Work instruction
Once the images are set aside, output the listing exactly as it stands.

Data shown
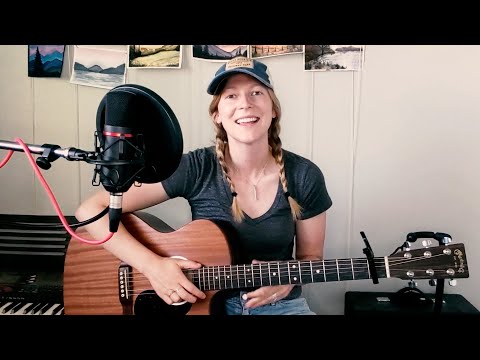 Mama's Broken Heart - Miranda Lambert Acoustic Cover by Racyne Parker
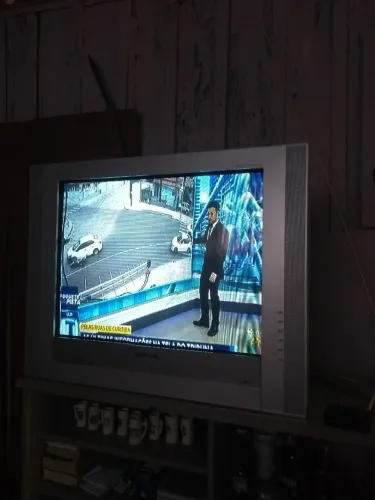 Tv gradiente 29p boa 100reais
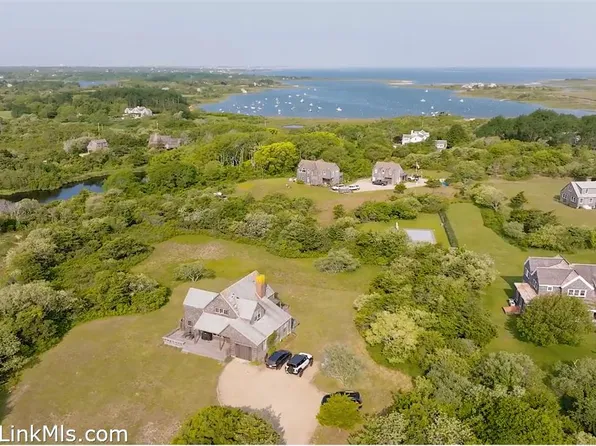 13 Eat Fire Spring Rd, Nantucket, MA 02554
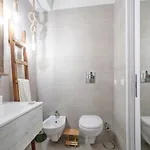 Guesthost - Madame Fully Equipped Apartman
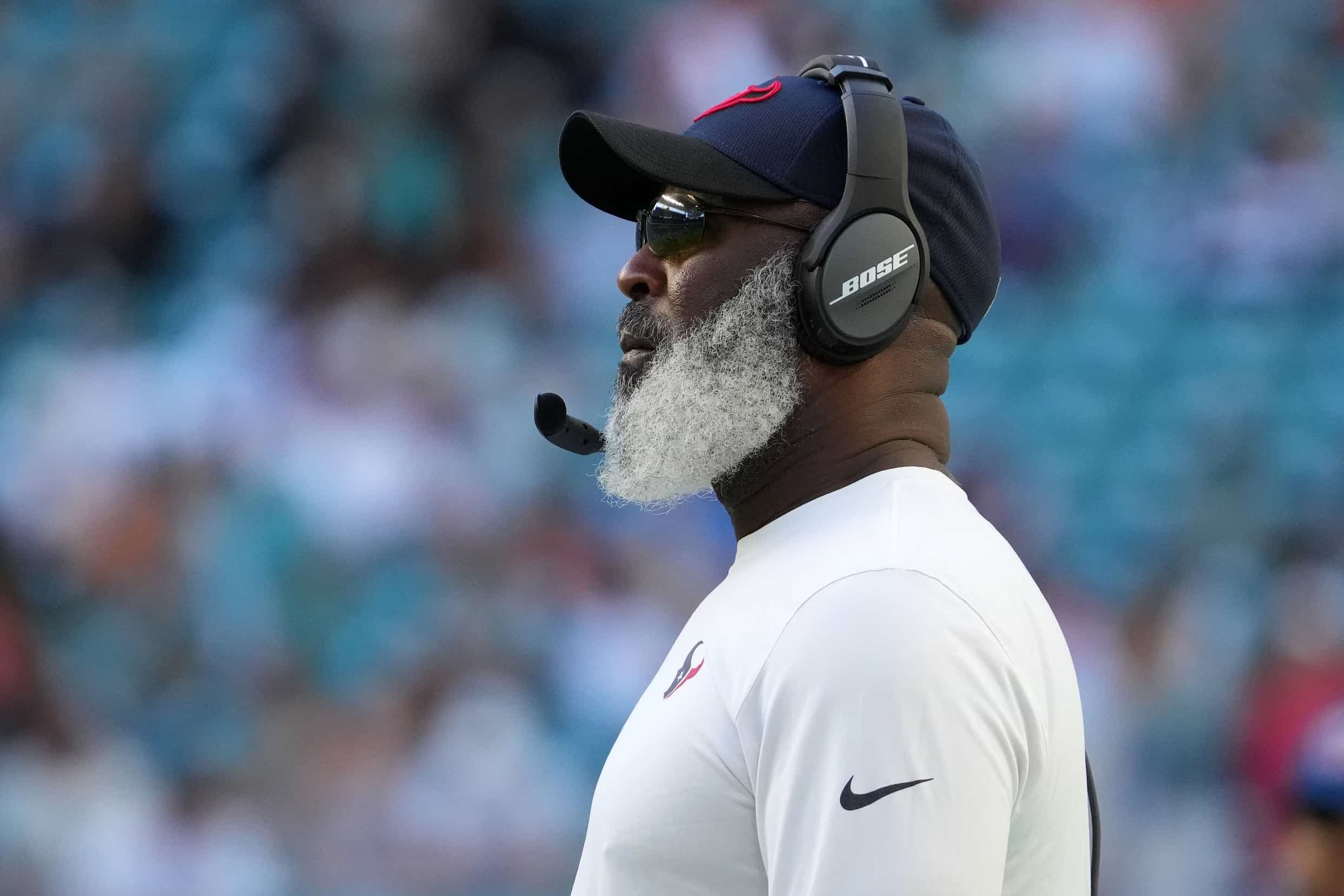 Former Bears, Illini Head Coach Lovie Smith Lands New Gig - On Tap Sports  Net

Response area
 Mama's Broken Heart - Miranda Lambert Acoustic Cover by Racyne Parker
 Tv gradiente 29p boa 100reais
 13 Eat Fire Spring Rd, Nantucket, MA 02554
 Guesthost - Madame Fully Equipped Apartman
 Former Bears, Illini Head Coach Lovie Smith Lands New Gig - On Tap Sports  Net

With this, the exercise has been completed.